The FBI guys find a line of Chinese script in the tattoos. It is an address of an apartment in New York’s Chinatown, and the FBI team leave the tattooed girl in the hall while they illegally search the private residence for clues. While waiting for the so-called “professionals”, little Miss I-Don’t-Remember wanders off and gets in a nasty hand-to-hand brawl with the wife beating building super and his brother.
She saw the beaten wife, and so jumps on the husband and engages in a claustrophobic fight in the narrow confines of a New York apartment building!
So the FBI guy screwed up. They left their prize source of information alone in public. They won’t make that mistake again, right?
Episode Two saw the FBI mooks go to yet another apartment, this time to interview a suspect. They leave the amnesiac woman at the end of the hall while they pound on a door. The suspect spots the tattooed woman and tries to make a run for it, so she jumps on him and engages in a claustrophobic fight in the narrow confines of a New York apartment building!
Hey, wait minute! I just saw that in the previous episode!
There were other problems with the story. The bad guy is confronted by the FBI hero at a distance of about 50 feet. The FBI guy has a handgun, while the villain is armed with a full auto variant of the M16.
Lots of spray-and-pray from the bad guy, but he never manages to hit Mr. FBI even once. Maybe he should have spent more time practicing at the range.
It is painfully obvious that trouble erupts every time the three FBI agents leave the tattooed girl alone during an investigation. So they should park her at headquarters, or get a few other agents to tag along and keep her company. If they don’t have the manpower, they could ask the local police to provide a few plainclothes cops for babysitting duty. I bet they would jump at the chance for bragging rights alone. (“Hey, guys! I am working with the FBI and hanging out with a hot chick covered in tattoos! Nyah, nyah, nyah!“)

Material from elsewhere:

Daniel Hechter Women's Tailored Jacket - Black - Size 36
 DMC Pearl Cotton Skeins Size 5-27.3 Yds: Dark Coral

I start Episode Three, and it takes about 15 minutes for the FBI team to leave the tattooed girl alone again! This time it is a strip mall instead of the inside of an apartment building, which probably had the writers patting themselves on the back about how much they were thinking outside the box. The girl waits until all the FBI agents are out of sight, and then walks into the nearest store to find (gasp!) the suspect they are searching for! She chases him out the back door to a narrow alley filled with dumpsters, and then ….
Ah, screw it. I’ve had enough of this shit. Time to turn off the TV and see if there is anything interesting on the blogs.